BEGIN
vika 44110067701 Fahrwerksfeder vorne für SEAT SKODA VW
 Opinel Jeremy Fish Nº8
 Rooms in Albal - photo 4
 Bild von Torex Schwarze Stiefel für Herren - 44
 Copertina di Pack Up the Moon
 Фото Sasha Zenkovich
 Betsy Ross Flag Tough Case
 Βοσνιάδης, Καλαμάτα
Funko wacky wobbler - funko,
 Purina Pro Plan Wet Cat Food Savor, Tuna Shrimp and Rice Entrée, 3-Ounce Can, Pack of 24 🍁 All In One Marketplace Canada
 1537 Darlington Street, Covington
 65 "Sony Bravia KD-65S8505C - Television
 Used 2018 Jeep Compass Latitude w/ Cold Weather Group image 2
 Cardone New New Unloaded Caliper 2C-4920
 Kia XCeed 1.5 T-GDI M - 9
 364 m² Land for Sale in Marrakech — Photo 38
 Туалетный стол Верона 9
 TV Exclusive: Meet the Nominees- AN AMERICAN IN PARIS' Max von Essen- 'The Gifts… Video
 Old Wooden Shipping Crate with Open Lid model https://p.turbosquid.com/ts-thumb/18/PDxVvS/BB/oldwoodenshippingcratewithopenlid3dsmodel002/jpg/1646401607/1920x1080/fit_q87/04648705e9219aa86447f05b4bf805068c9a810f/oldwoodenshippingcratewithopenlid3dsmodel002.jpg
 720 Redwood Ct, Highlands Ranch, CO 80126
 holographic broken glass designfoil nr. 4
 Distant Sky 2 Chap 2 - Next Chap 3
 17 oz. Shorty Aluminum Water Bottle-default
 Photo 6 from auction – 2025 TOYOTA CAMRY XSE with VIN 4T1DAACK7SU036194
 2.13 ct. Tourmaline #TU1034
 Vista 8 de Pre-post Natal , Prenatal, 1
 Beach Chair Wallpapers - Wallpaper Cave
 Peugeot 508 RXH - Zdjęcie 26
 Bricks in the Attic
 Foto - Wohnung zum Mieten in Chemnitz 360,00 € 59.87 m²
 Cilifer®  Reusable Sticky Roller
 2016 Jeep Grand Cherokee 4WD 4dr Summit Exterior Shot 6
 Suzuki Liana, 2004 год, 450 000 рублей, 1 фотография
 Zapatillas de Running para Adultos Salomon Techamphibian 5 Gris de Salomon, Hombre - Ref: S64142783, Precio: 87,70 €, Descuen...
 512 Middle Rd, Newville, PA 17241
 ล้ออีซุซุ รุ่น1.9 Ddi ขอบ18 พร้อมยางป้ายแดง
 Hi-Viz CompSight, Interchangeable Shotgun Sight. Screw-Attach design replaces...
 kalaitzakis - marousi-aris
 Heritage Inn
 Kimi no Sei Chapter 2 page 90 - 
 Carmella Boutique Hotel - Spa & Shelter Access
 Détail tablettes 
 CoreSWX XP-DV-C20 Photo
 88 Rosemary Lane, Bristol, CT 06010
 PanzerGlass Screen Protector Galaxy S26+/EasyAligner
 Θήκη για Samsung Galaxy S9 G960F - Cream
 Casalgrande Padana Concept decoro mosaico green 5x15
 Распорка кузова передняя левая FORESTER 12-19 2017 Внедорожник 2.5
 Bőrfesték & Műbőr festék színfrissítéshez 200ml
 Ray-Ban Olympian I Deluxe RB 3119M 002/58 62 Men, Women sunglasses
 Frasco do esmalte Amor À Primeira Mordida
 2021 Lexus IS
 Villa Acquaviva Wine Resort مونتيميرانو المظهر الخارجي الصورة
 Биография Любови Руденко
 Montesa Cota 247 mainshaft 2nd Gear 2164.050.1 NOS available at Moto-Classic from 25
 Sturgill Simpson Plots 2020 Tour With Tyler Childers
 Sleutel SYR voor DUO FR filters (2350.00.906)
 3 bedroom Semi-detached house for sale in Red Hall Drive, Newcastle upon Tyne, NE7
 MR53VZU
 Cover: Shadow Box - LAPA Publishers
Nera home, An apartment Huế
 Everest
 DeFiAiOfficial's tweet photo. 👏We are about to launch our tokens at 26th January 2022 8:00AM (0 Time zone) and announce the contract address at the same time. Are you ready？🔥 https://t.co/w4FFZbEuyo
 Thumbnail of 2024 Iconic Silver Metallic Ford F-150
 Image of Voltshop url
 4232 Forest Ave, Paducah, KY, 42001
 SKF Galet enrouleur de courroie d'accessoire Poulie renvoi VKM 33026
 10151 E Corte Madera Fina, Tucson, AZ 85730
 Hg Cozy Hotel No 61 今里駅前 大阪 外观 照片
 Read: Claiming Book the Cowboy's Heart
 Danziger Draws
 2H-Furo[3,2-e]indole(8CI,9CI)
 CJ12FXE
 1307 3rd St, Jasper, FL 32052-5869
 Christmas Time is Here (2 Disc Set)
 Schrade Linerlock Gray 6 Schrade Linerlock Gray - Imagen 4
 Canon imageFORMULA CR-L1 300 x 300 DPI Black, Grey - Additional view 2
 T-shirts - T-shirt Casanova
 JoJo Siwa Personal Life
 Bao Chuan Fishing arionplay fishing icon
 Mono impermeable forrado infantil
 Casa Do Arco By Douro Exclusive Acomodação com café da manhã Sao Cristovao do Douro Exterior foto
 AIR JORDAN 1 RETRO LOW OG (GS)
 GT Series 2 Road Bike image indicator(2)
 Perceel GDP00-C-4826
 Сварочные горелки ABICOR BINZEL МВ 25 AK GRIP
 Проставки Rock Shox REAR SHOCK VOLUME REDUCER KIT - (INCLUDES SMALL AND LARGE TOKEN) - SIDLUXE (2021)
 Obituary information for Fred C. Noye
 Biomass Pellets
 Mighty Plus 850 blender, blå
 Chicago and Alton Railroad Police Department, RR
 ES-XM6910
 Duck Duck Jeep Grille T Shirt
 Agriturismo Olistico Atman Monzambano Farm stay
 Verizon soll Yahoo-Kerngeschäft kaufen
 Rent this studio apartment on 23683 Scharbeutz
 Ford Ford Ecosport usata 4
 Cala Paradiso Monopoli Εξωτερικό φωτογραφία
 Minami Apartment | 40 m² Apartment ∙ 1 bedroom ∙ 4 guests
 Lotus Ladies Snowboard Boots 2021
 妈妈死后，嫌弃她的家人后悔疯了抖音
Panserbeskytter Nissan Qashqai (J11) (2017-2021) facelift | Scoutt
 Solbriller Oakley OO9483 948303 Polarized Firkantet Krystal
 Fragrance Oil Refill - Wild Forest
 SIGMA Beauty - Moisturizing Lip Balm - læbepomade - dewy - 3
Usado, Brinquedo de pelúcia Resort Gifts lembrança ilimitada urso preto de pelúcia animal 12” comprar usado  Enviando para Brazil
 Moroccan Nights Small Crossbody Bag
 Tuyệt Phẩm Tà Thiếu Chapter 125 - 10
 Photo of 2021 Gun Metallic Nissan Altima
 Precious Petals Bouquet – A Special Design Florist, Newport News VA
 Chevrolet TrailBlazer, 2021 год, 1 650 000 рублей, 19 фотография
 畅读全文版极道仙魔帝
END
Exercise requirements: Output the material above exactly, but only from the line that carries "Peugeot 508 RXH - Zdjęcie 26" through the line that carries "Suzuki Liana, 2004".

Result of this exercise:
 Peugeot 508 RXH - Zdjęcie 26
 Bricks in the Attic
 Foto - Wohnung zum Mieten in Chemnitz 360,00 € 59.87 m²
 Cilifer®  Reusable Sticky Roller
 2016 Jeep Grand Cherokee 4WD 4dr Summit Exterior Shot 6
 Suzuki Liana, 2004 год, 450 000 рублей, 1 фотография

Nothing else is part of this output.